Likewise when it comes to financing, you’ve got many alternatives from short-term borrowing to long-term borrowing, variable rates or fixed mortgages, and equipment leasing all from a variety of different lenders as well as creative crop-sharing arrangements and unique land rental agreements. All of these together — and likely more — help form the overall financial strategy of your farm. But you can always look for more synergies so one plus one can equal three.
Two specific areas that I find more and more farmers embracing are hedging strategies with options and futures as well as the cash advance programs available. However, I’m often surprised by how many farmers don’t use options to maximize their marketing efforts nor take advantage of some of the incredibly low rates and flexibility offered by cash advance programs.
Over the years, Dave Gallant, director of finance and operations at the Canadian Canola Growers Association (CCGA) and I have talked at length about how both our financial tools can work together; how one plus one can equal three and how growers can benefit from all the financial tools available to them.
The CCGA has been helping western Canadian farmers manage their seasonal cash flow needs for 35 years by providing access to cash advances for more than 50 commodities, including crops, livestock and even honey. Gallant says that farmers can use an Advance Payments Program (APP) cash advance to access cash flow on their inventory, while giving them the time they need to find the right spot in the market to maximize price.
He says that the key is that there are no limits to how you can put an advance to work for your farm. It can be used to cover seasonal operating expenses, pre-purchase next year’s inputs, upgrade or do maintenance on farm equipment or structures, or grow your business by investing in capital purchases. The APP gives you the flexibility to plan commodity sales and optimize the prices you receive, while reducing borrowing costs with interest-free and interest-bearing advances below prime rate.
Basically, farmers can apply in the fall or at any time of the year and eligible applicants can receive up to $1 million, including $100,000 interest free.
CCGA’s rate on the interest-bearing portion for the 2021 APP is prime rate less 0.75 per cent. That means the low blended interest rate on a $1-million advance can save your business $10,000 to $20,000 per year over the same loan value taken at commercial lender rates. Farmers have access to advance funds for up to 18 months for crops, small livestock and honey, and up to 24 months for cattle and bison.

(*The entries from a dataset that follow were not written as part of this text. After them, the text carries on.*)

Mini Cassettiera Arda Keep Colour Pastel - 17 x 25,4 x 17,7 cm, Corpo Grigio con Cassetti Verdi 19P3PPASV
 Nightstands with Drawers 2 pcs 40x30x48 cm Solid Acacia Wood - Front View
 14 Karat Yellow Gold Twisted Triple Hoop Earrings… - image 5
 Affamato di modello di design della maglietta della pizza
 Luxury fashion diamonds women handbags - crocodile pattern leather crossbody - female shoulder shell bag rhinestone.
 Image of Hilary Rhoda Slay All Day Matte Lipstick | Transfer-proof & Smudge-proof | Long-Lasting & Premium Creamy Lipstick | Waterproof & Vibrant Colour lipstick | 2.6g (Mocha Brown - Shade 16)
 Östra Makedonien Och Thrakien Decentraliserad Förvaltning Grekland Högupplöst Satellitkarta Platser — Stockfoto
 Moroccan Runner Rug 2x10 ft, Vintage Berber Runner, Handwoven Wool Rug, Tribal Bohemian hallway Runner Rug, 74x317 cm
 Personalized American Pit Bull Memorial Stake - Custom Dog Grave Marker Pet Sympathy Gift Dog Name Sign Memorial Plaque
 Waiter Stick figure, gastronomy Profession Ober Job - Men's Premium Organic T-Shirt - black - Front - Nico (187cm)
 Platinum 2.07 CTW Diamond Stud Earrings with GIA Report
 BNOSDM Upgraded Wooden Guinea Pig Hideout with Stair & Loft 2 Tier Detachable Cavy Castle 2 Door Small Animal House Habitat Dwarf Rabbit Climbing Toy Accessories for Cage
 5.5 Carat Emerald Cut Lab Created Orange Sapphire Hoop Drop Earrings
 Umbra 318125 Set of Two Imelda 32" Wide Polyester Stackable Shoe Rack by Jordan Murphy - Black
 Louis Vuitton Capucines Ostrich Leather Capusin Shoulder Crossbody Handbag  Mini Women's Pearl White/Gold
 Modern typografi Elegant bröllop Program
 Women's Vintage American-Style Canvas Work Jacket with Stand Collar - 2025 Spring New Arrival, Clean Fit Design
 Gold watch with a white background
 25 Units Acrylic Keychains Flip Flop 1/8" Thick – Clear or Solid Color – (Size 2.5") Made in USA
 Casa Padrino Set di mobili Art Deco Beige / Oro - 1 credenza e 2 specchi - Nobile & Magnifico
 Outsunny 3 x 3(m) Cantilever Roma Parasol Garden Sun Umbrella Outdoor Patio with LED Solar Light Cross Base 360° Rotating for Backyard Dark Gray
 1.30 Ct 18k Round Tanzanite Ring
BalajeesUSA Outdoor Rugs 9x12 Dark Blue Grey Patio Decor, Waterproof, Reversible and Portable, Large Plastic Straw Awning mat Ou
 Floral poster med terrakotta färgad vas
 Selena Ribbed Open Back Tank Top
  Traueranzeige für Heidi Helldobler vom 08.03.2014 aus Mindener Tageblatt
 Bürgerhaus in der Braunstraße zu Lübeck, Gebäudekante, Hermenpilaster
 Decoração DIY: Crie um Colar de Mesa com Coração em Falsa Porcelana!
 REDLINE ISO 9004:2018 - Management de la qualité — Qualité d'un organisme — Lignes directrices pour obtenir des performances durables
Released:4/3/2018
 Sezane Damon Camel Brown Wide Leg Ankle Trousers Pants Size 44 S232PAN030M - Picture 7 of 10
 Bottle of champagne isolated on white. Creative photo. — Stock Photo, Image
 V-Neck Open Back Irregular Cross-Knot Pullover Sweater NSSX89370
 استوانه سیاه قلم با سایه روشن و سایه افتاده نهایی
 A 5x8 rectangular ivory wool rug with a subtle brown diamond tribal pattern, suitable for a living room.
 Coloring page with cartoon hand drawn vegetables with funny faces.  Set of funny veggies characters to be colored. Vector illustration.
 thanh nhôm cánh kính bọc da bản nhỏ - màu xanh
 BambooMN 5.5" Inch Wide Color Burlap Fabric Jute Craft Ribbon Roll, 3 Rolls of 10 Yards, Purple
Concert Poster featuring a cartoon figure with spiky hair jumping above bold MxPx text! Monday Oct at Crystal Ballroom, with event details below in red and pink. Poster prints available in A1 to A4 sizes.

Advances are repaid as the commodity that the advance is issued on is sold, so the repayment schedule depends on when you sell your commodity. These low-interest rates lower your cost of production, which allows you to stretch your own dollar further. The added farm cash flow also gives you more time to execute your grain-marketing plan. You can sell when the time and price are best for you. Ultimately, it is this matching of loan repayments with commodity sales that work well with options and futures hedging. Essentially, you can time your hedges to coincide with when you want to make physical sales and also repay the advance.
Bottom line, both the cash advance program and hedging strategies are useful financial tools on their own to enhance your marketing decisions. Together, these financial tools provide greater flexibility and adaptability for your marketing plan, especially if we have drought conditions again next year.